The issue of the PlayStation was definitely overshadowed by that of the flaming battery fiasco, with Sony batteries found in notebooks overheating, sometimes to the point of catching fire. The news was downright frightening. When the details of some of the faults came out, my first thought was "an unfortunate error" for Sony, then "were the design engineers asleep?" for the OEM companies involved. First let's look at the record-breaking recalls and then look at the reasons (and the underlying design and QC causes) that made the recalls necessary.
Dell Breaks a Record
After firefighters fought a fire caused by a combustible Dell notebook that went "boom" in Tetra Pak, Illinois, another "Dell on fire in Japan" laptop picture was circulated online. After these incidents (and at least four others) Dell recalled 4.1 million notebook batteries, officially the biggest customer electronics recall in the United States. Dell stated that the batteries could overheat and burst into flames. Affected were many of the Latitude (which is what this article was typed on), Inspiron and Precision models.
Apple Follows Suit
Apple recalled 1.8 million laptop battery units for similar reasons. The models affected included the iBook G4 and Powerbook G4 categories sold between the last quarter of 2003 and August 2006. The batteries that are being recalled cost US$130 apiece if sold separate from the laptops, and the company bore the cost of replacing the batteries.
Unfortunately for Lenovo, it seems it bought part of the problem when it acquired IBM's personal computer division. When an IBM Thinkpad T43 began emitting sparks and smoke at LAX in September, Lenovo promptly pulled five hundred thousand batteries for the following models: T Series (T43, T43p, T60); R Series (R51e, R52, R60, R60e); and X Series (X60, X60s).
HP Says Batteries OK
Hewlett Packard notebooks also use batteries build by the Sony company in Japan. It seems that superior systems design at Hewlett Packard will make battery recall unnecessary, however, since one of the factors that is affecting the incidences is actually the hardware architecture of the systems. Hewlett Packard stated that its laptops are not prone to the incidences that are plaguing other OEMs (some good news for the beleaguered company), so what is causing the batteries to explode?
Battery Flaws: Sony's End
The Lithium Ion batteries have been discovered to contain certain levels of metal impurities. This contributed to the laptops overheating, but this was not the only factor that led to the issues.
Cooling and Design: the OEMs
Smaller and more compact notebooks, microprocessors that are consuming more and more power (since they are getting more and more powerful), and miniaturization of everything from the fan to the circuitry (some up to 65 nanometers in width) are all contributing factors.

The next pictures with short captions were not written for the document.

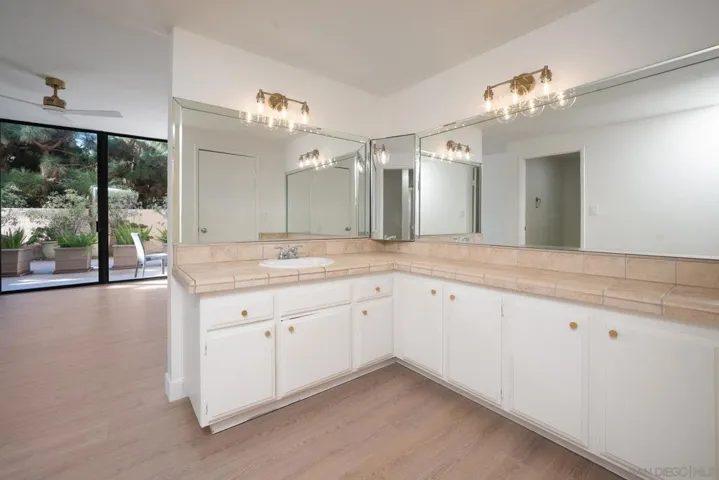 EN SUITE MASTER BATHROOM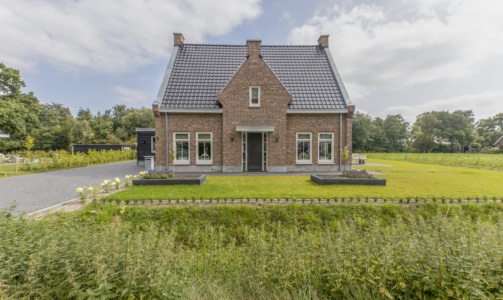 Eigentijds | Type Foster (V42) | Vriezenveen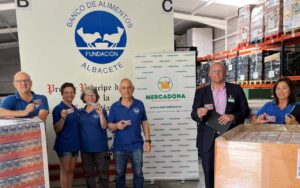Entrega de los alimentos donados por los clientes de Mercadona.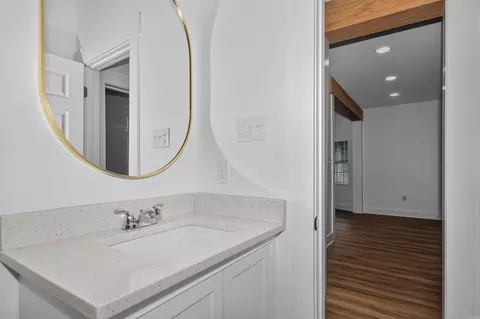 Bath - 356 Ash St, Conway, AR 72034 photo 3 of 4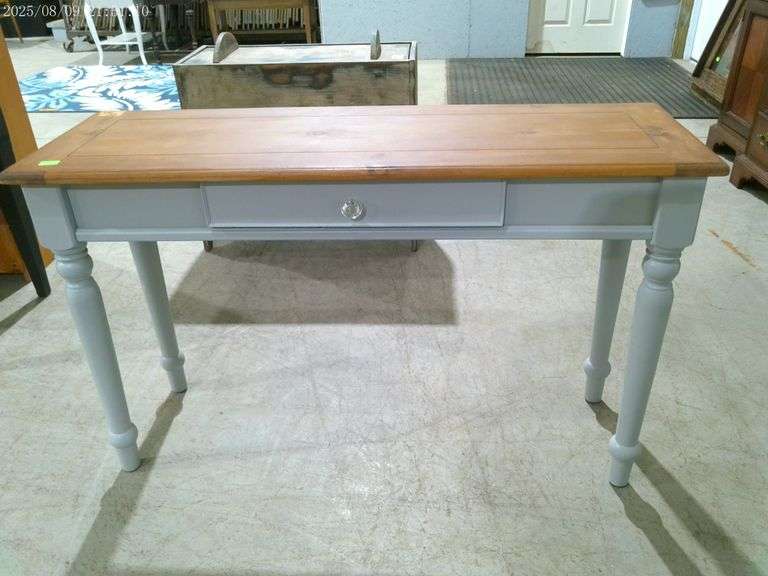454 - Sofa table with gray painted legs. Very nice condition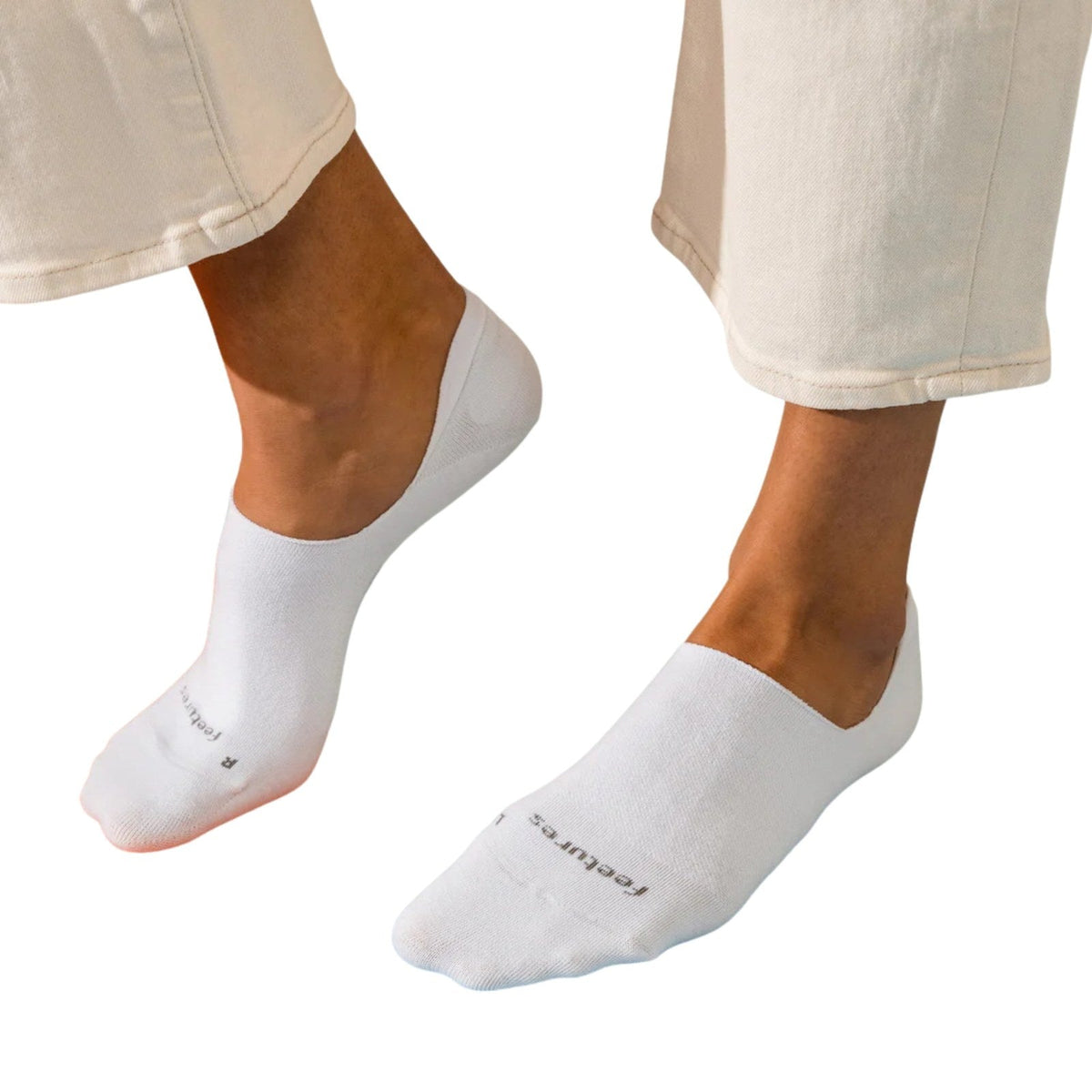 Feetures Everyday Ultra Light No Show Sock – Women's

With power coming in through the power pack into the battery, then into the circuitry, main alternating current being converted to battery direct current creates eddy currents and losses which are all converted to heat (I bet your notebook warms your feet nicely). The heat spreads around the laptop, aided by the fan (heat dissipation), but it seems that it does not spread enough. When most of the heat builds up around the power port and the batteries, and the stability of the lithium ion batteries is compromised by the presence of impurities, you get smoking and sparks as the heat energy starts to convert to light and excess electrical charges.